From   M Quagliariello <[email protected]>
To   [email protected]
Subject   R: st: Testing for endogeneity with xtabond
Date   03 Jul 2004 19:55:04 +0100

Dear statalister, Mark, I have read Baum, Schaffer, Stillman (2003) paper, but I still don't understand why I should include the same set of instruments in both the "consistent" and the "efficient" model when I test for the endogeneity of a subset of regressors. Does someone has an easy explanation? In any case, when I use -xtabond- how can I retrieve the set of instruments to plug in in the "efficient" model? Thanks a lot.

Mario


----- Original Message ----- From: Mark Schaffer To: [email protected] ; M Quagliariello Sent: Thursday, June 17, 2004 9:59 PM
Subject: Re: st: Testing for endogeneity with xtabond


Mario,

Quoting M Quagliariello <[email protected]>:


Hallo!

I hope someone can help me.
Suppose I want to estimate a dynamic panel with xtabond having
three
sets of variables:
A) surely endogenous
B) surely exogenous
C) maybe endogenous

I was thinking to test for the endogenity of variables C) in this
way:
1) estimate a model in which variables C are considered as
exogenous.
The estimated coefficients should be consistent and efficient if
the
variables are actually exogenous, but inconsistent if the variables
C)
are endogenous (model1).
2) re-estimate the model considering the variables C) as endogenous
and
instrumenting them with their lagged levels (as for the lagged
dependent
variable and the other enedogenous regressors).
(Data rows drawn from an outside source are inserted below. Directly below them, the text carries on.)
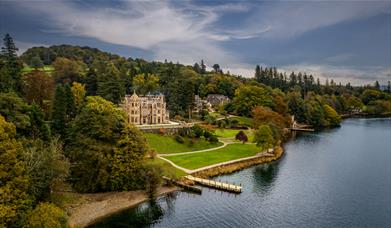 Aerial Photo of the Exterior and Grounds of Langdale Chase Hotel in Windermere, Lake District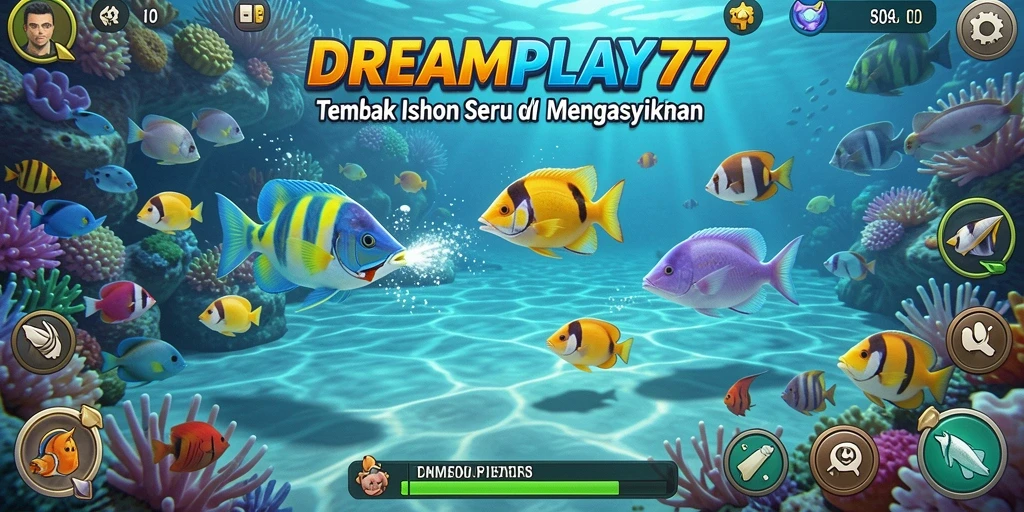 Screenshot utama DREAMPLAY77 menampilkan aksi seru dalam permainan Tembak Ikan.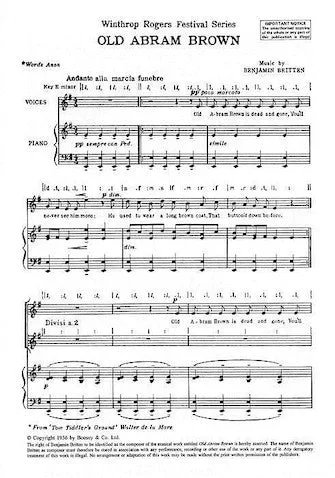 Britten: Old Abram Brown from Friday Afternoons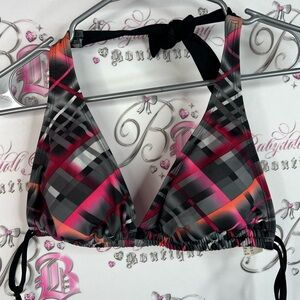 Hurley bikini top embroidered logo pink plaid stripes surf beach Pink halter Top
The estimated
coefficients should be always consistent (model2).
3) test for endogeneity using -hausman model2 model1-
Is it reasonable?
You don't say so explicitly, but it looks like your category C variables are regressors. In that case, what you want is a test of a subset of orthogonality conditions. Because the suspect instruments are regressors, the usual GMM "difference-in-Sargan" or "C test" for a subset of orthogonality conditions is numerically equivalent to a Hausman test. See Hayashi's (2000) textbook, pp. 233-34, or the 2003 Stata Journal paper I did with Kit Baum and Steve Stillman.

You can proceed as you describe, or, since you're using xtabond2, even more easily, just calculate the difference of the Sargan-Hansen statistics of the two estimations. This will be distributed as chi-sq with dof=number of suspect instruments.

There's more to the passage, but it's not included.